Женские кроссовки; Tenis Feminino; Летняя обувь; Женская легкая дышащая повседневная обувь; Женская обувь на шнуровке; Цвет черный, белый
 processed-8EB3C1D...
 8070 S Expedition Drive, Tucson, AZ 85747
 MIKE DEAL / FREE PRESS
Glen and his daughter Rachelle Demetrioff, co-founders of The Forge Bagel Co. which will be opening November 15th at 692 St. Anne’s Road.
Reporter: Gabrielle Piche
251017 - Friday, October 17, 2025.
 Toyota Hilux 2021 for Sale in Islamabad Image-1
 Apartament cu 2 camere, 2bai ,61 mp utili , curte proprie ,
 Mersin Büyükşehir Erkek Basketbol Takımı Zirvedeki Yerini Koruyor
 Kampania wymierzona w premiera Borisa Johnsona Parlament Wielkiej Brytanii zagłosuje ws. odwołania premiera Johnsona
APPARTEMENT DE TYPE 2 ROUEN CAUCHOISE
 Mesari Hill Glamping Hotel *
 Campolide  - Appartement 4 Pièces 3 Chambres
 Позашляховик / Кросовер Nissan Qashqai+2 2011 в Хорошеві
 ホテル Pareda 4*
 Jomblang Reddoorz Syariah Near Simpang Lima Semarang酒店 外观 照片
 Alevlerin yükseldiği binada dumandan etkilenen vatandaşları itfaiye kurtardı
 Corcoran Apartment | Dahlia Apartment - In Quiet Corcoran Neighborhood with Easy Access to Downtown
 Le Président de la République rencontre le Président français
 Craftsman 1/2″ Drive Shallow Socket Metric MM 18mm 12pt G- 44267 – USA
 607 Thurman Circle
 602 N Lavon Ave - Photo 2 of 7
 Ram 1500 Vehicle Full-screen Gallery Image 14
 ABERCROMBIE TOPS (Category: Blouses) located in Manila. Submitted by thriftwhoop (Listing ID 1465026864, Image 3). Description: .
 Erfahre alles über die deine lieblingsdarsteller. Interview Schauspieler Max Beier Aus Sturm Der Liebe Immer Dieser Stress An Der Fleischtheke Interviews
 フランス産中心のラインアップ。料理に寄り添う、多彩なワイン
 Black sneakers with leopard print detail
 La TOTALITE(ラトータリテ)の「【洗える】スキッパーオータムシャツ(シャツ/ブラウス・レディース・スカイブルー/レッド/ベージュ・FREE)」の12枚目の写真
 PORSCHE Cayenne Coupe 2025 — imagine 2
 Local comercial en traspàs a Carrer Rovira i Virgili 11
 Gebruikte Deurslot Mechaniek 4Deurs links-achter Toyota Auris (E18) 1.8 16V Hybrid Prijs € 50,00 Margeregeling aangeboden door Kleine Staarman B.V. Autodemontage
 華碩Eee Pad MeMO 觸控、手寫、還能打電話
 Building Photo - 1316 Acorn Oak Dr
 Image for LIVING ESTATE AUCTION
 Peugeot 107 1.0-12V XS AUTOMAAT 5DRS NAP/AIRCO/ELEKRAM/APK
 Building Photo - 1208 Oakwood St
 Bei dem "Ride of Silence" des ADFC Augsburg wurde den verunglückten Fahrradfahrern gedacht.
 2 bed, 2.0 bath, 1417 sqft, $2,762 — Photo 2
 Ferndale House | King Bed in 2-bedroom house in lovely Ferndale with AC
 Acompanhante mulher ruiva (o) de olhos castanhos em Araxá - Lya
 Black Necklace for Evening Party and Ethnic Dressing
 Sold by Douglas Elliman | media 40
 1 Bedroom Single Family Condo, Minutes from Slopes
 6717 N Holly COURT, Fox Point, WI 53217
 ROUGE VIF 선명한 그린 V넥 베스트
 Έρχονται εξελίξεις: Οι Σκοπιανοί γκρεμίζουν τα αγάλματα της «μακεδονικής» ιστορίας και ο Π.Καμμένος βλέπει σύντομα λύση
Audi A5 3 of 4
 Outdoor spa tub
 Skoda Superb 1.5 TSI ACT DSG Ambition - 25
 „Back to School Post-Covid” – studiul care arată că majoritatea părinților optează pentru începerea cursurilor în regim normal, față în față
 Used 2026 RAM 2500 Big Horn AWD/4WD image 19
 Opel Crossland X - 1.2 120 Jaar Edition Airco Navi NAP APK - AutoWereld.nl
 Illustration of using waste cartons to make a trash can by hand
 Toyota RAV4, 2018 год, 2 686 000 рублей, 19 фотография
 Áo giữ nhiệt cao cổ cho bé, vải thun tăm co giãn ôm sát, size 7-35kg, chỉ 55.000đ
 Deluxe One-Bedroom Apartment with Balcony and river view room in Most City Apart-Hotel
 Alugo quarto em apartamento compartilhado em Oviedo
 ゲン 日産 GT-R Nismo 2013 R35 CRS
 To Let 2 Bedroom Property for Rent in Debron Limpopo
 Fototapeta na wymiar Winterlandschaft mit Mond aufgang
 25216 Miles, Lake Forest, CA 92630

# # # #

WHAT YOU NEED TO DO » Those lines from the one with "Gebruikte Deurslot Mechaniek" through the last line of the material above are to be retyped exactly, with nothing else.

RESPONSE TO THE TASK »
 Gebruikte Deurslot Mechaniek 4Deurs links-achter Toyota Auris (E18) 1.8 16V Hybrid Prijs € 50,00 Margeregeling aangeboden door Kleine Staarman B.V. Autodemontage
 華碩Eee Pad MeMO 觸控、手寫、還能打電話
 Building Photo - 1316 Acorn Oak Dr
 Image for LIVING ESTATE AUCTION
 Peugeot 107 1.0-12V XS AUTOMAAT 5DRS NAP/AIRCO/ELEKRAM/APK
 Building Photo - 1208 Oakwood St
 Bei dem "Ride of Silence" des ADFC Augsburg wurde den verunglückten Fahrradfahrern gedacht.
 2 bed, 2.0 bath, 1417 sqft, $2,762 — Photo 2
 Ferndale House | King Bed in 2-bedroom house in lovely Ferndale with AC
 Acompanhante mulher ruiva (o) de olhos castanhos em Araxá - Lya
 Black Necklace for Evening Party and Ethnic Dressing
 Sold by Douglas Elliman | media 40
 1 Bedroom Single Family Condo, Minutes from Slopes
 6717 N Holly COURT, Fox Point, WI 53217
 ROUGE VIF 선명한 그린 V넥 베스트
 Έρχονται εξελίξεις: Οι Σκοπιανοί γκρεμίζουν τα αγάλματα της «μακεδονικής» ιστορίας και ο Π.Καμμένος βλέπει σύντομα λύση
Audi A5 3 of 4
 Outdoor spa tub
 Skoda Superb 1.5 TSI ACT DSG Ambition - 25
 „Back to School Post-Covid” – studiul care arată că majoritatea părinților optează pentru începerea cursurilor în regim normal, față în față
 Used 2026 RAM 2500 Big Horn AWD/4WD image 19
 Opel Crossland X - 1.2 120 Jaar Edition Airco Navi NAP APK - AutoWereld.nl
 Illustration of using waste cartons to make a trash can by hand
 Toyota RAV4, 2018 год, 2 686 000 рублей, 19 фотография
 Áo giữ nhiệt cao cổ cho bé, vải thun tăm co giãn ôm sát, size 7-35kg, chỉ 55.000đ
 Deluxe One-Bedroom Apartment with Balcony and river view room in Most City Apart-Hotel
 Alugo quarto em apartamento compartilhado em Oviedo
 ゲン 日産 GT-R Nismo 2013 R35 CRS
 To Let 2 Bedroom Property for Rent in Debron Limpopo
 Fototapeta na wymiar Winterlandschaft mit Mond aufgang
 25216 Miles, Lake Forest, CA 92630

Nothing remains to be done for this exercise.